Instructions for the task -
Skip every image and restate the data word for word.

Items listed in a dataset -
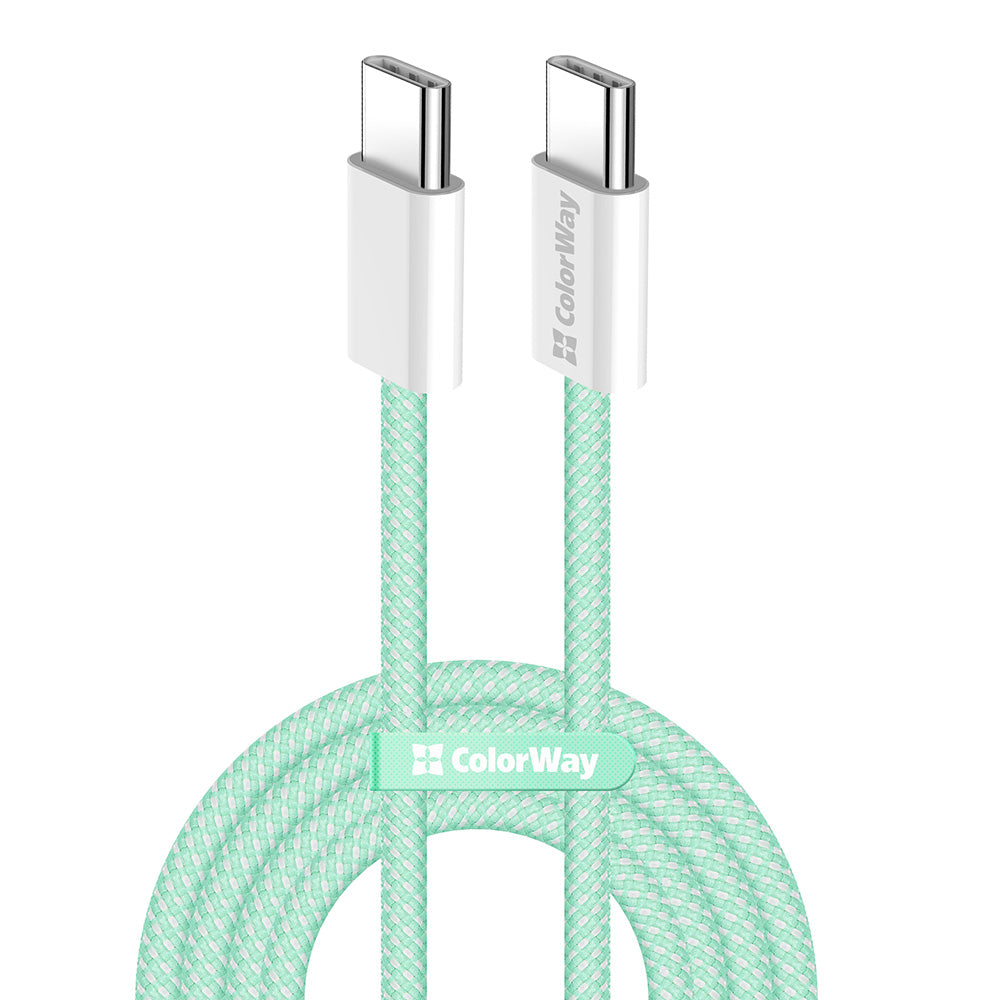 USB-C - USB-C adat- és töltőkábel ColorWay CW-CBPDCC061, 60W, 1m, Zöld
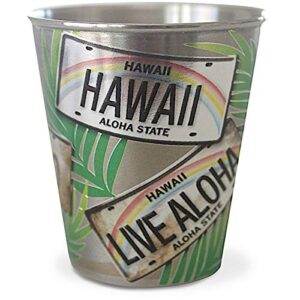 hawaii stainless steel shot glass license plate palms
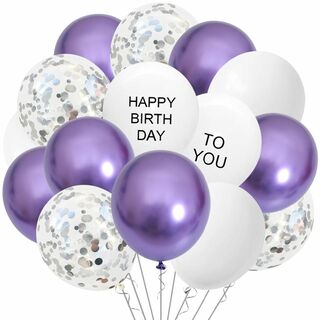 【色: パープル】Lausatek バルーン 誕生日 20個風船セット 紫 ha(その他)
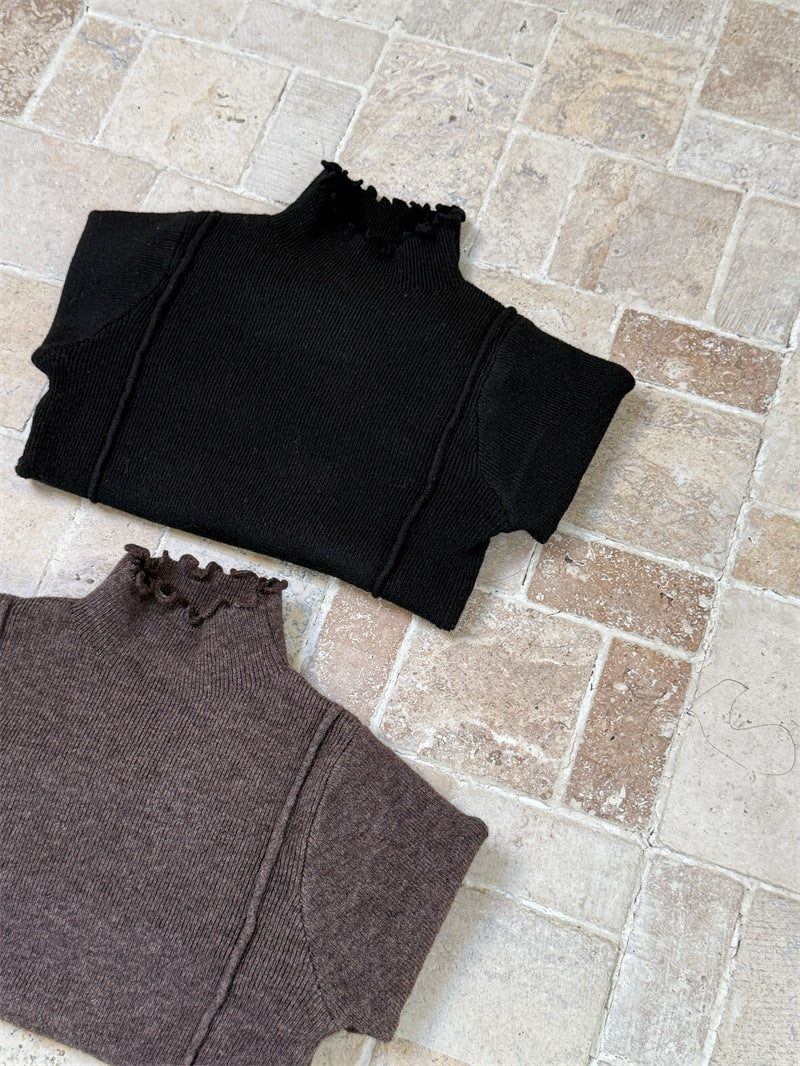 ニットトップス ハイネック ステッチ リブ シンプル モード 長袖【mh0011620】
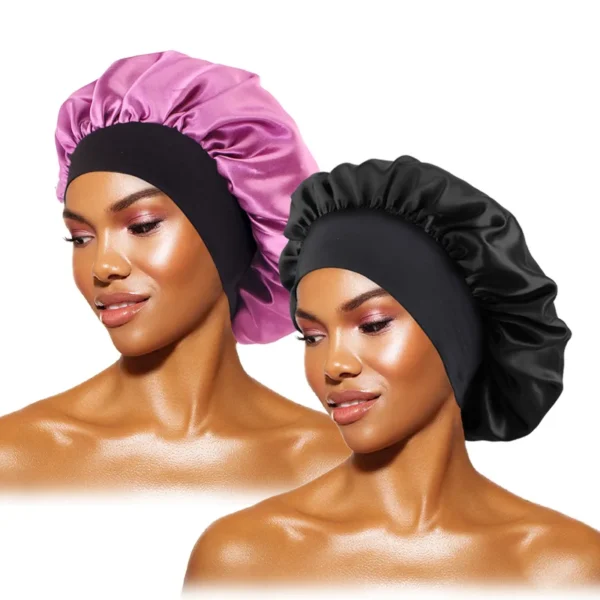 Women's Satin Solid Bonnets Wide-brimmed Night Sleeping Bathing Hat Unisex Head Wrap Elastic Band Cap Hair Care Bonnet - Image 8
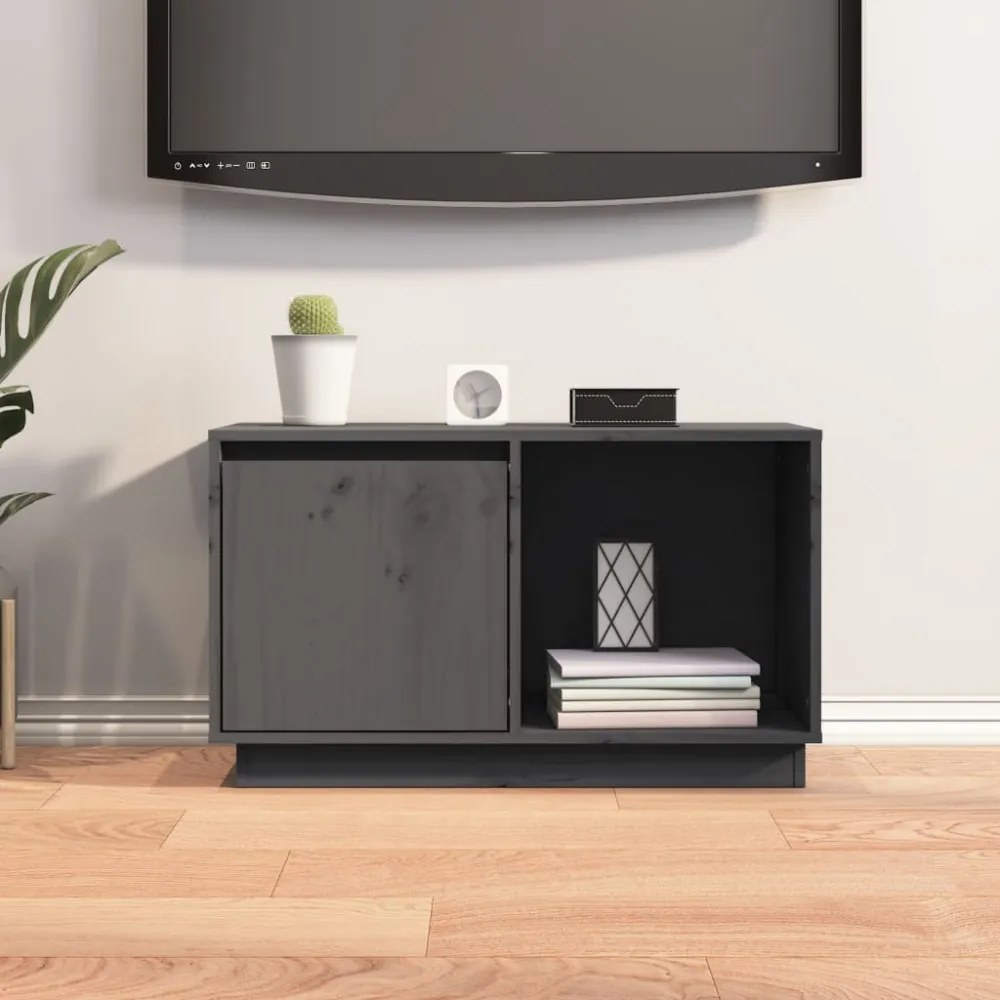 szürke tömör fenyőfa TV-szekrény 74x35x44 cm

Reply to the exercise -
 USB-C - USB-C adat- és töltőkábel ColorWay CW-CBPDCC061, 60W, 1m, Zöld
 hawaii stainless steel shot glass license plate palms
 【色: パープル】Lausatek バルーン 誕生日 20個風船セット 紫 ha(その他)
 ニットトップス ハイネック ステッチ リブ シンプル モード 長袖【mh0011620】
 Women's Satin Solid Bonnets Wide-brimmed Night Sleeping Bathing Hat Unisex Head Wrap Elastic Band Cap Hair Care Bonnet - Image 8
 szürke tömör fenyőfa TV-szekrény 74x35x44 cm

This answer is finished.